PS, Can a mod please merge this with my OP


----------



## middleagecyclist (5 Aug 2013)

*27 January 2013 (C4)*
Total 138.5 miles
11 miles Prestwich to Cheadle
127.5 miles. Mere 200k Audax
Cheadle to Ellesmere and return (packed at Alderley Edge a few miles short due to dodgy knee and dead GPS along unlit and unsigned roads). Nasty headwind and the tailwind fizzled out for the return! Slushy roads with some deep, hub height, floods.

Used the heavy bike and was slow. Not the right bike at all if i want to do distance _and_ a decent speed (case for N+1 getting stronger!).

Audax times: 11h 14m moving time, 11.3 mph average moving speed, 5929 ft ascent (Strava), Santos Travelmaster

*20 February 2013 (C5)*
109.7 miles
Prestwich, Bury, Edenfield, Accrington, Great Harwood, Wilpshire, Ribchester, Longridge (sit down sausage and egg barm with a pot of tea), Woodplumpton, Elswick, Singleton, Blackpool (quick drink stop from a sea front stand), Lytham St Anne's, Kirkham, Preston, Clayton-le-Woods, Chorley (sit down hot apple pie with ice cream and a large coffee at fabulous Frederick's), Adlington, Over Hulton, Farnworth, Stoneclough, Whitefield, Prestwich.

8h 09m moving time, 13.5 mph average moving speed, 5078 ft ascent (Strava), Verenti Rhigos 0.3

*02 March 2013 (C6)*
100.1 miles
Prestwich, Manchester, Cheadle Hulme, Wilmslow, Haslington, Weston, Wybunbury, Audlem, Prees Heath (sit down bacon and egg sarnie with two mugs of tea), Tilstock, Ellesmere, Chirk Valley, Gobowen, Hengoed.

I didn't follow all my intended route due to the lane climbing out of the Chirk valley resembling something more akin to a muddy stream bed, so was five miles short when I got to my mates. Cue twenty minutes of riding loops on the surrounding lanes to make the century.

7h 22m moving time, 13.6 average moving speed, 4714 ft ascent (Strava), Verenti Rhigos 0.3

*20 April 2013 (C7)*
113 miles
Combination of a FNRttC (York to Hull) and a return Saturday Morning Ride Back to York (SMRBtY). A great night and morning. Times reflect the nature of a group ride. A really good shakedown for my new bike - literally as I lost a screw holding on the rear mudguard and the other came loose and started rubbing on the tyre!

8h 48m moving time, 12.9 mph average moving speed, 1441 ft ascent (Strava), Hewitt Chiltern

*17 May 2013 (C8)*
100.2 miles
Prestwich, Bury, Burnley, Colne - wonderful Skipton Old Rd to...Skipton - busy and lumpy A59 to Harrogate, Ripon, over the A1M towards Thirsk and then north on lovely B roads to Scotch Corner.

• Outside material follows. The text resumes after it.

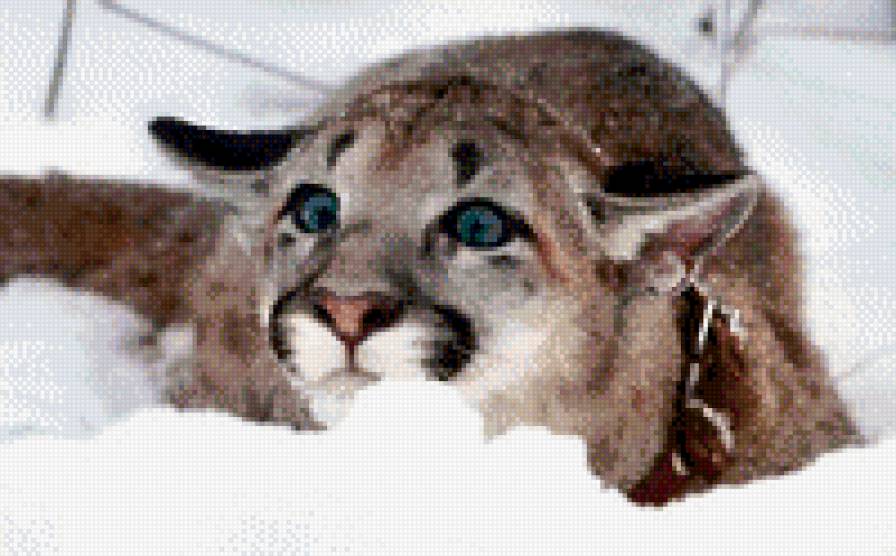 Кыся - предпросмотр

Pushing against a northerly all the way.

8h 15m moving time, 12.1 mph average moving speed, 4422 ft ascent (Strava), Hewitt Chiltern

*09 June 2013 (C15)*
129.7 miles
Stannington (nr Morpeth), skirted Newcastle and crossed the Tyne on the North-South Shields passenger ferry, Sunderland, NCN 1 for a fair bit (quite rough in parts - first puncture), Shotton, skirted Middlesborough, Middleton Tyas (second puncture - a pinch flat as I hadn't inflated the tyre hard enough from the first!), Scorton for a bite at the pub, passed Northallerton, Thirsk, NCN 657 and NCN 65 along lovely country lanes into York and the train home. Great day but quite hot at times.

9h 7m moving time, 14.2 mph average moving speed, 1909 ft ascent (Strava), Hewitt Chiltern

*01 August 2013 (C20)*
139.5 miles
Day 5 of London-Edinburgh-London.

Started from Market Rasen about 09.00hrs after a 4 hour sleep following a 5 hour night ride from Pocklington. Didn't feel too tired as the thought of completing LEL was really lifting my energy levels. The weather forecast was for a hot one with a headwind all the way and this across some very flat Lincolnshire countryside - it was never going to be my fastest section!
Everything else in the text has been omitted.